## Exercise aim
No pictures go in the copy. Restate, word for word, each line from the one containing "Glass pearl, crystal, and" through the last line below.

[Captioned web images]
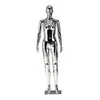 Tienda de Ropa Accesorios para Modelo Femenina Soporte de Exhibición Maniquí de Cuerpo Entero para Ventana Muñeco Modelo de Cuerpo Humano Artificial Plateado Galvanizado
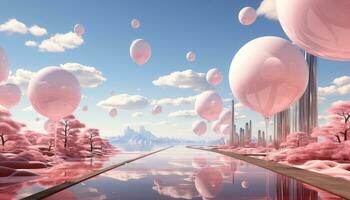 Light Magenta and Pastel Skyline in Ethereal Geometry AI generated photo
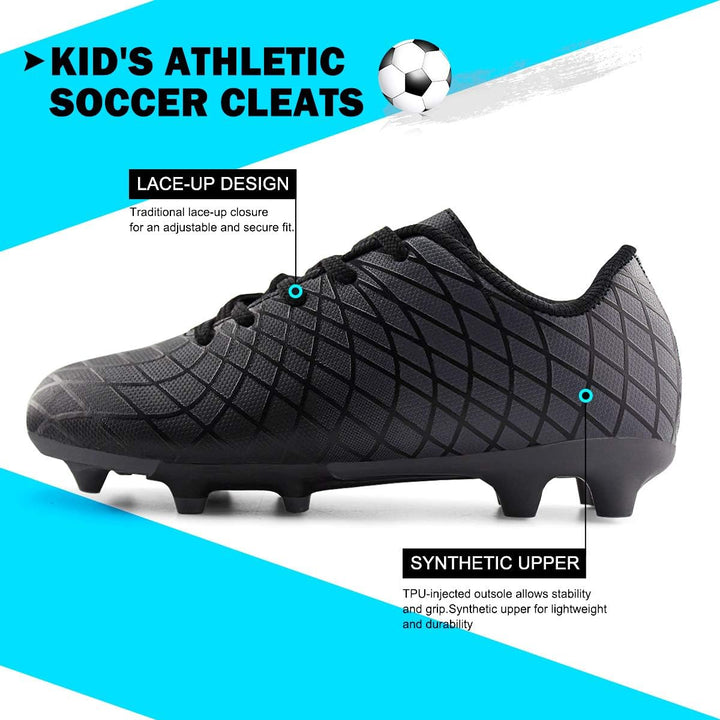 JABASIC Kinder Soccer Boots Jungen Mädchen Sportlich Draussen Fussballschuh 33 EU Schwarz, 33 EU Sch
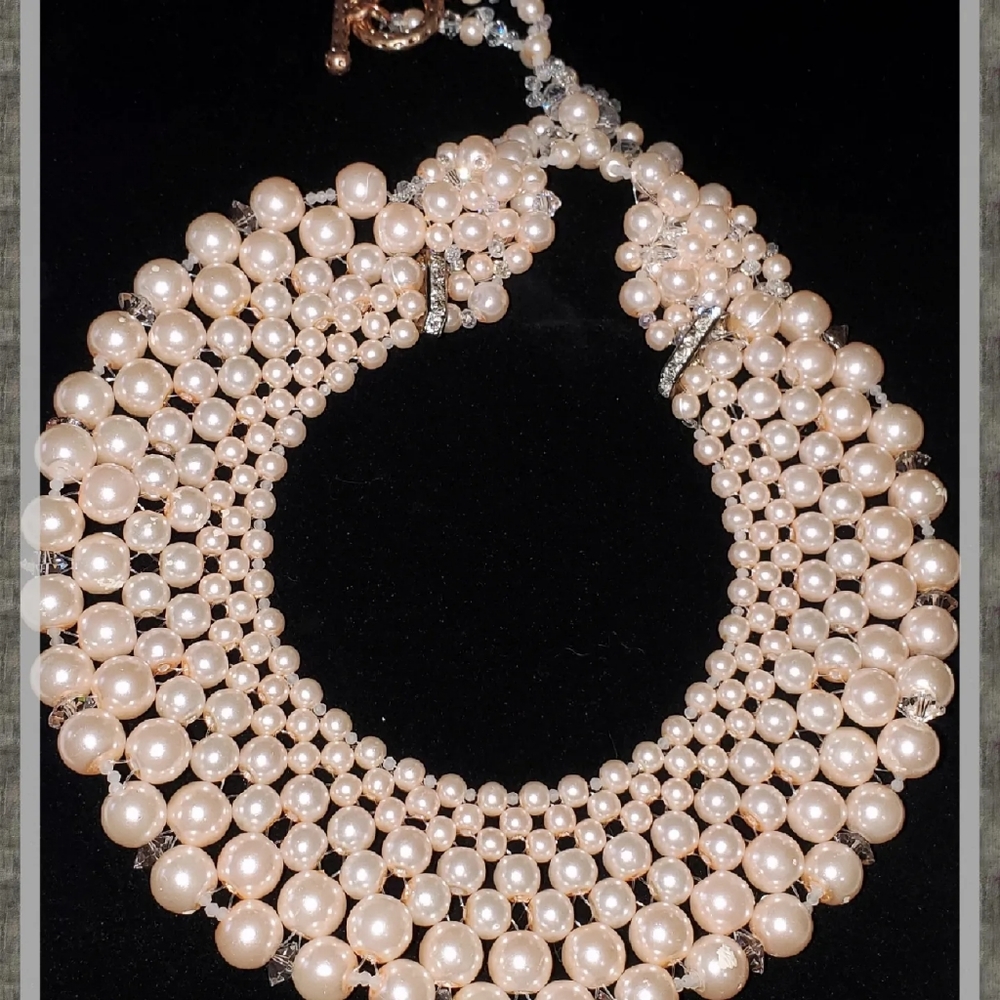 Glass pearl, crystal, and moonstone handmade beaded bib collar necklace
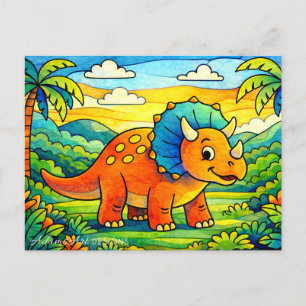 Farbiger Süßer Dinosaurier Kinder Feiertagspostkarte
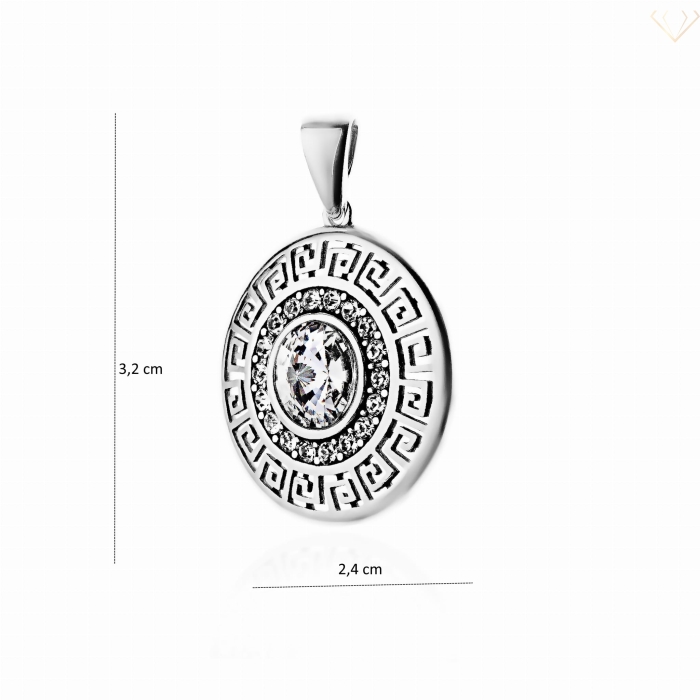 Srebrny wisiorek 925 okrągły wzór grecki z cyrkoniami Susetti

## Result of this exercise
 Glass pearl, crystal, and moonstone handmade beaded bib collar necklace
 Farbiger Süßer Dinosaurier Kinder Feiertagspostkarte
 Srebrny wisiorek 925 okrągły wzór grecki z cyrkoniami Susetti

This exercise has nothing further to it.